What is being asked → Reproduce word for word the line holding "Closeup of judge" and all lines after it in the data, through the end, leaving out pictures.

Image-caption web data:
━━━━━━━━━━━━━━━━━━━━

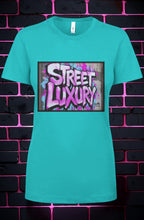 CocoMe Couture turquoise crewneck t-shirt featuring a bold Street Luxury graffiti graphic print on the chest.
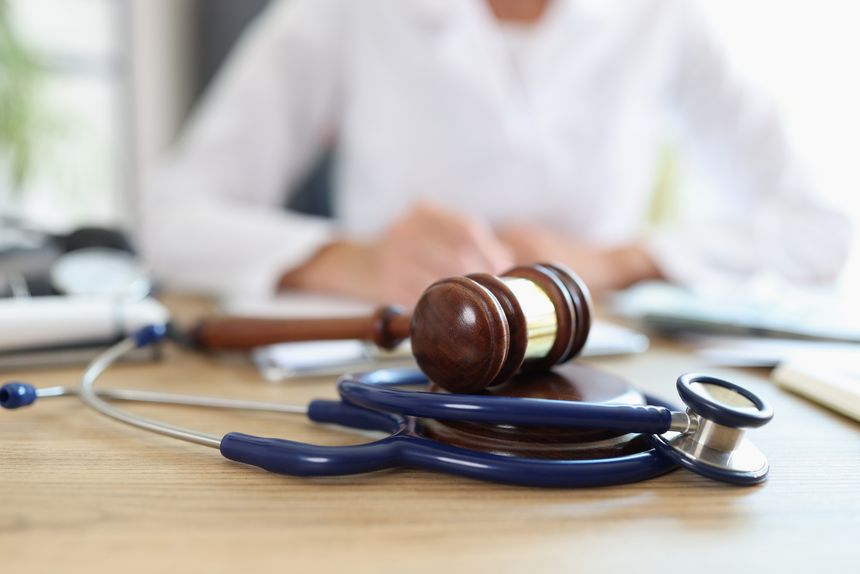 Closeup of judge gavel of stethoscope doctor in background writing notes. Concept of legal aspects of healthcare and medical insurance payments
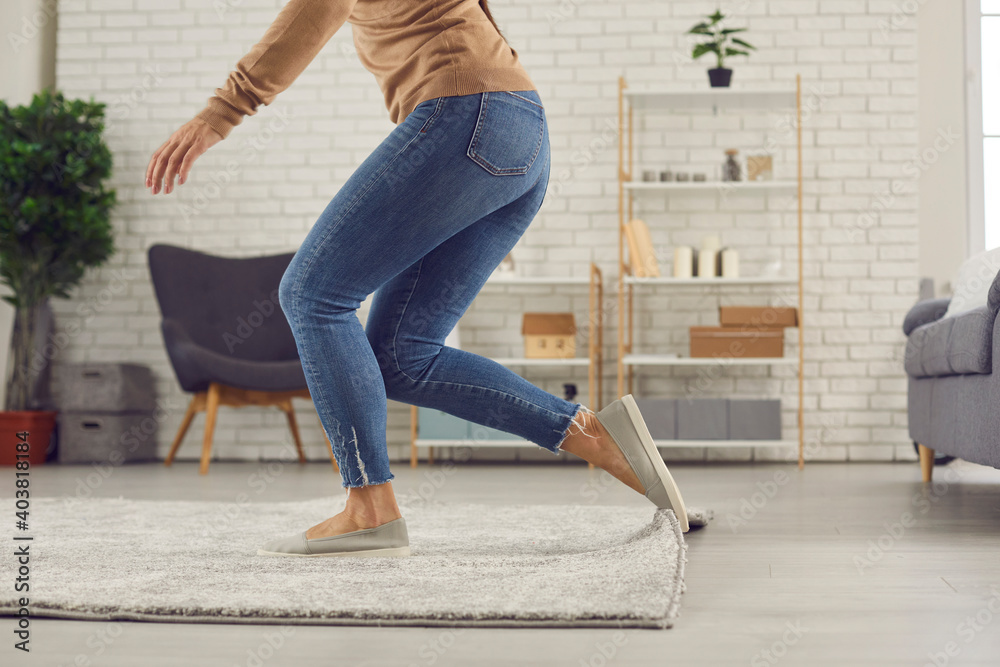 Unrecognizable female trips over rug. Clumsy faceless woman in uncomfortable shoes stumbles on rug in living-room and is about to fall on floor. Domestic accidents and getting injured at home concept - obrazy, fototapety, plakaty 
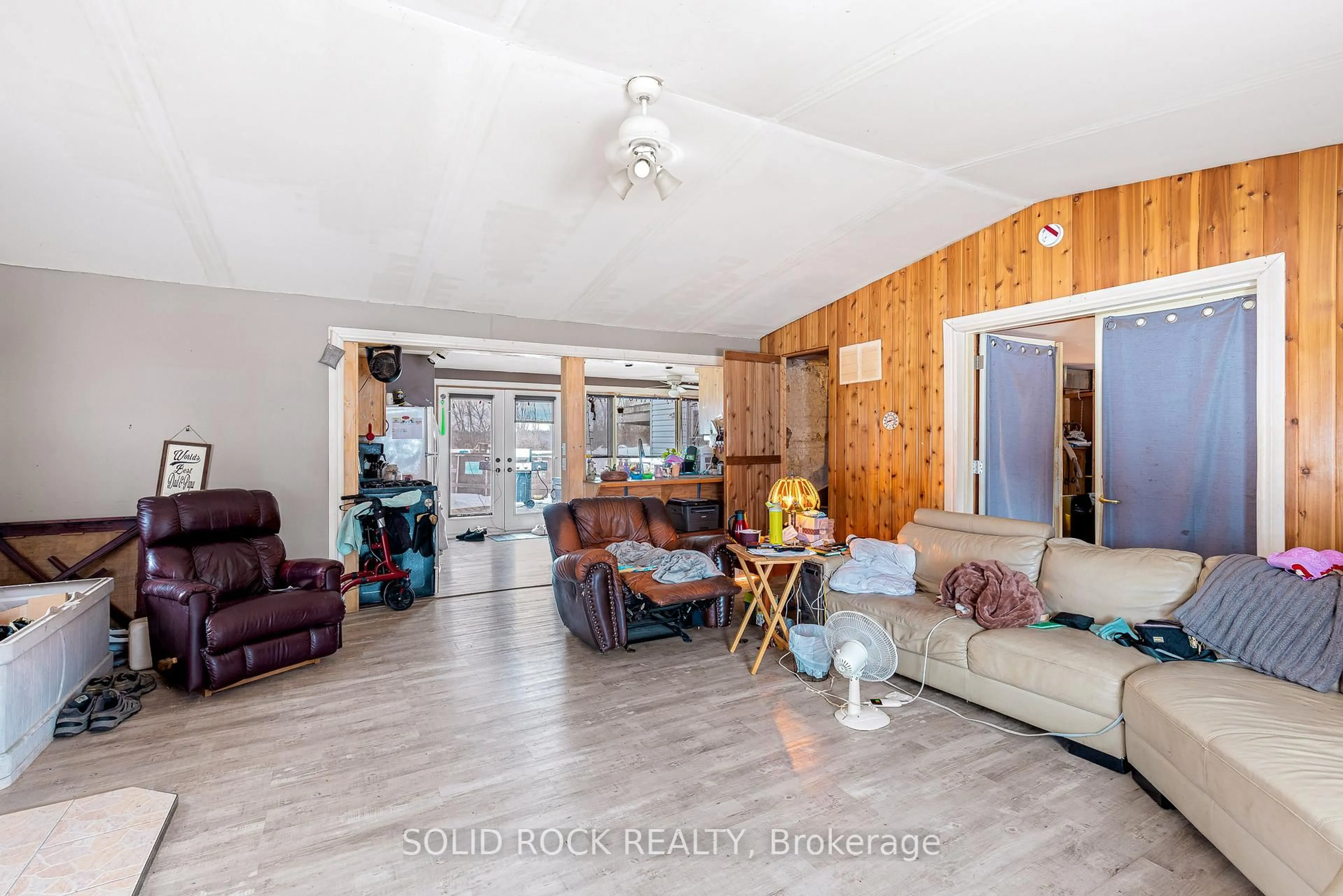 Living room with furniture, wood/laminate floor for 1447 County 2 Rd, Front of Yonge Ontario K0E 1R0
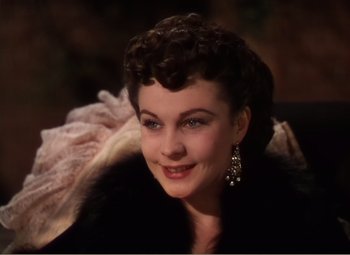 Movie still from “Gone with the Wind” (1939), directed by George Cukor – A person wearing a suit and tie; Close Up shot, Over the shoulder angle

━━━━━━━━━━━━━━━━━━━━

Answer box →
 Closeup of judge gavel of stethoscope doctor in background writing notes. Concept of legal aspects of healthcare and medical insurance payments
 Unrecognizable female trips over rug. Clumsy faceless woman in uncomfortable shoes stumbles on rug in living-room and is about to fall on floor. Domestic accidents and getting injured at home concept - obrazy, fototapety, plakaty 
 Living room with furniture, wood/laminate floor for 1447 County 2 Rd, Front of Yonge Ontario K0E 1R0
 Movie still from “Gone with the Wind” (1939), directed by George Cukor – A person wearing a suit and tie; Close Up shot, Over the shoulder angle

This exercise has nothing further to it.